Muzi sabía que podría arreglárselas muy bien en Italia. Tenía que correr un pequeño riesgo en Nueva York y luego quedaría libre de irse a su casa. Tirado sobre la cama del motel, esperando poder hacer algún movimiento mientras su estómago protestaba, Muzi imaginó estar comiendo en el Lutece.

Kabakov estaba sentado sobre una manguera enroscada, tiritando. Una corriente de aire frío entraba por el desván donde se guardaban las herramientas en la parte alta del depósito y las paredes estaban cubiertas de escarcha, pero además de ser un buen escondite, desde la barraca podía verse perfectamente bien la casa de Muzi situada en la vereda de enfrente. El hombre somnoliento que vigilaba por la ventana del costado del cobertizo, quitó el papel a una tableta de chocolate y comenzó a mordisquearla, haciendo ruiditos secos al quebrarse cada barrita. El y otros dos integrantes del equipo táctico invasor habían viajado desde Washington en un coche alquilado después de recibir la llamada de Kabakov.

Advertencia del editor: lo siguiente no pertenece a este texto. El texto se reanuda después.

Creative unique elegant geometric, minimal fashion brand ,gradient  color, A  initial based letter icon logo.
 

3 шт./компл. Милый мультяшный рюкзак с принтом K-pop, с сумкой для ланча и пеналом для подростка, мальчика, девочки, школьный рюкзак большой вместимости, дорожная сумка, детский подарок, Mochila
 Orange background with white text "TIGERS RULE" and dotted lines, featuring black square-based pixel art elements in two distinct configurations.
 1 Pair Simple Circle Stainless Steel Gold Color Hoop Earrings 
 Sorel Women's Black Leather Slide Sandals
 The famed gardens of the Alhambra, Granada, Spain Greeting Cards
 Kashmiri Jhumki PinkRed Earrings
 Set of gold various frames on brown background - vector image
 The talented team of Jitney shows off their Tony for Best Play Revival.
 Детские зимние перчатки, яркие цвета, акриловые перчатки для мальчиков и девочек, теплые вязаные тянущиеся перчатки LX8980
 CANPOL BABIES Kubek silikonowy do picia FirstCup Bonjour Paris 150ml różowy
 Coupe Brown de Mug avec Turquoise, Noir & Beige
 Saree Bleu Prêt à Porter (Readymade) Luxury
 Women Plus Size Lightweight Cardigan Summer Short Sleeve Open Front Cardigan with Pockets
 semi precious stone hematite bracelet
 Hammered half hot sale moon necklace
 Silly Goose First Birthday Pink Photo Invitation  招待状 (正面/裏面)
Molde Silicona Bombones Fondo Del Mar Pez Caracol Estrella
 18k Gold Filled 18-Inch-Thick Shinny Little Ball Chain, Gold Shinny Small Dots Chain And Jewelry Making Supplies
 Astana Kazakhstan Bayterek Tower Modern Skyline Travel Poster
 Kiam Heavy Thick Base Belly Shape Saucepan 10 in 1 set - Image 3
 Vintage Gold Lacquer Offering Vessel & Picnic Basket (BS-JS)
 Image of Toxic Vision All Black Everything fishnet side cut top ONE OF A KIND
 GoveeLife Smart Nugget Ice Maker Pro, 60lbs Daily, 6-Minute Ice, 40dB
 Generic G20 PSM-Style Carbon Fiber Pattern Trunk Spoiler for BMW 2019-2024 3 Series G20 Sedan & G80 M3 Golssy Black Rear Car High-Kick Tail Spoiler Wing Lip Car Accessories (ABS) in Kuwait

El agotador viaje por carretera fue necesario porque el equipaje del grupo habría despertado mucho interés bajo el fluoroscopio del aeropuerto: metralletas, rifles, granadas. Otro miembro del equipo estaba apostado sobre el techo de otra casa en la misma manzana pero del otro lado de la calle. El tercero estaba con Moshevsky en la oficina de Muzi.

El somnoliento israelí le ofreció un pedazo de chocolate a Kabakov, pero éste meneó la cabeza y prosiguió observando la casa con los prismáticos espiando por la pequeña rendija en la puerta de la barraca. Kabakov se preguntó si habría hecho bien al no contarle a Corley y las otras autoridades norteamericanas lo que había averiguado sobre Muzi y la estatuilla de la Virgen. Resopló por la nariz. Por supuesto que había hecho bien. Lo más que le habrían permitido hacer los norteamericanos era conversar con Muzi en una antesala de la comisaría con un abogado presente. Así podría hablar con él en circunstancias más favorables si es que los árabes no lo habían matado ya.

Muzi vivía en una simpática calle con árboles a ambos lados en el barrio Cobble Hill de Brooklyn. El edificio, cuyo frente era de piedra, contenía cuatro apartamentos. El suyo era el más grande de la planta baja. La única entrada estaba en el frente y Kabakov estaba seguro de que por ahí iba a pasar Muzi cuando llegara. Era demasiado gordo para tratar de meterse por una ventana a juzgar por el tamaño de la ropa guardada en el armario.